The accepted abstract, titled "Cardiac safety of L-annamycin at high cumulative anthracycline exposure: Pooled analysis," draws on independent cardiac safety reviews across five completed trials in patients with acute myeloid leukemia (AML) and soft tissue sarcoma. Of 90 patients treated, 78 had source-verified pre- and post-treatment left ventricular ejection fraction (LVEF) assessments. Median cumulative dose reached 660 mg/m², a figure that substantially exceeds conventional lifetime anthracycline limits, yet mean LVEF change from baseline was -0.12% (95% CI, -1.34 to 1.09; p = 0.84), with no statistically significant finding.

No correlation emerged between cumulative dose and LVEF change (p = 0.12), nor between patient age and LVEF change (p = 0.73). Independent review of serial ECGs, cardiac biomarkers, and global longitudinal strain measurements found no evidence of drug-induced cardiotoxicity across the dataset.

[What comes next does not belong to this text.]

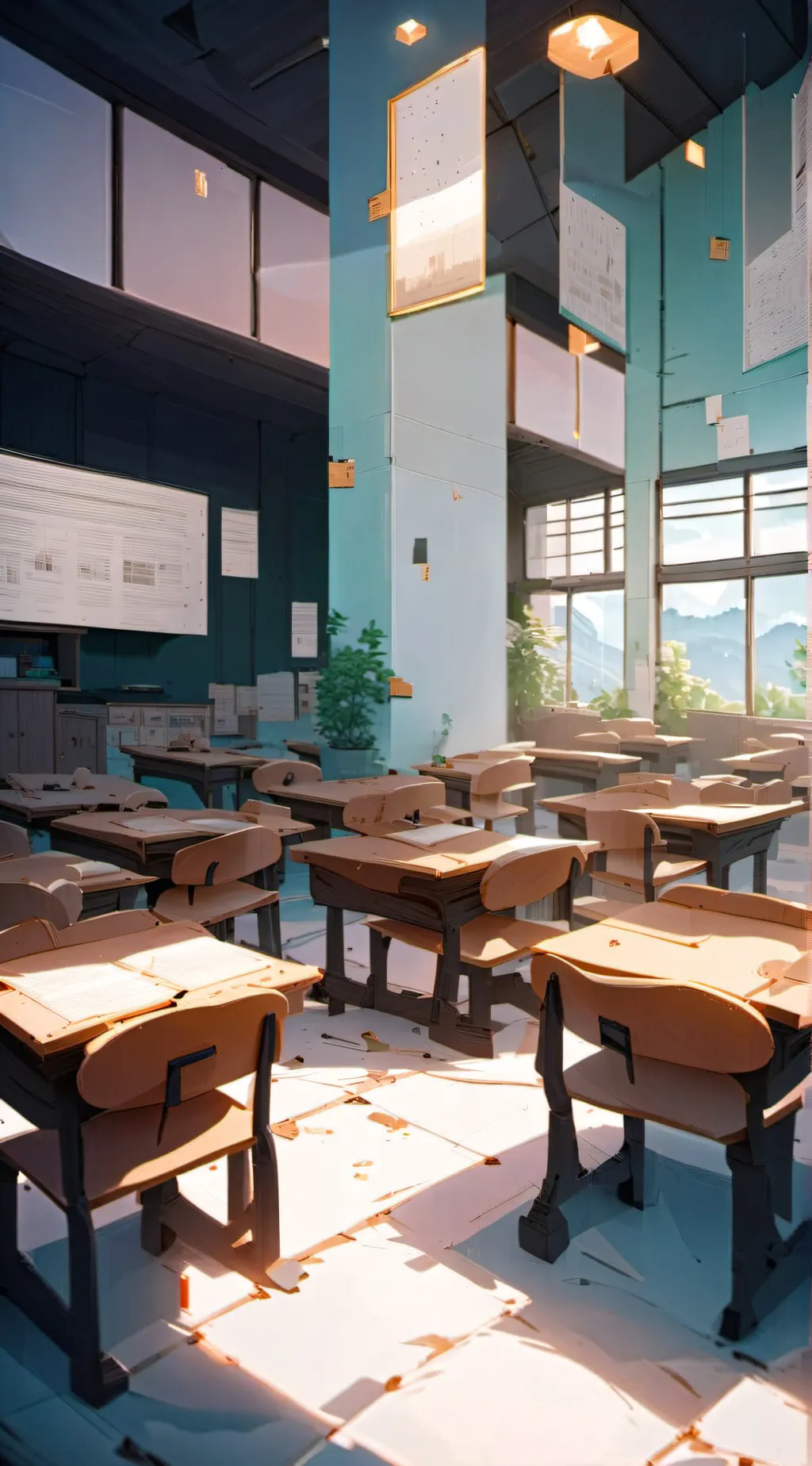 ai character: Bakugou’s Bff background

For regulatory affairs leads, the dataset's construction carries weight: pooled analyses spanning sponsor- and investigator-initiated trials, with source-verified cardiac endpoints, represent the kind of structured safety evidence that can anchor a differentiated labeling narrative under 21 CFR Part 312 and ICH E14 cardiac safety guidance. The absence of a cumulative dose-toxicity relationship, if sustained through the ongoing pivotal Phase 2b/3 MIRACLE trial in AML, would directly challenge the dose-ceiling assumptions embedded in current anthracycline prescribing and could reshape the benefit-risk framework presented in a future NDA.

From a clinical manufacturing standpoint, removing a cardiotoxicity-driven dose ceiling changes the scale-up calculus. Higher cumulative dosing regimens, if confirmed safe, alter batch sizing assumptions, cycle frequency planning, and the sterility assurance requirements tied to multi-cycle administration under 21 CFR Part 211.

Previously reported Phase 1b/2 data in second-line AML showed a 50% complete remission rate, a 60% composite complete remission rate, and median overall survival of 12.39 months in the intent-to-treat population, results that provide the efficacy context against which the cardiac safety profile will be evaluated at ASCO.

The poster session runs May 30, 2026, 1:30–4:30 PM CDT at Poster Board #8, with the MIRACLE trial's eventual readout serving as the next measurable checkpoint for the cardiac safety narrative now being established in the pooled dataset.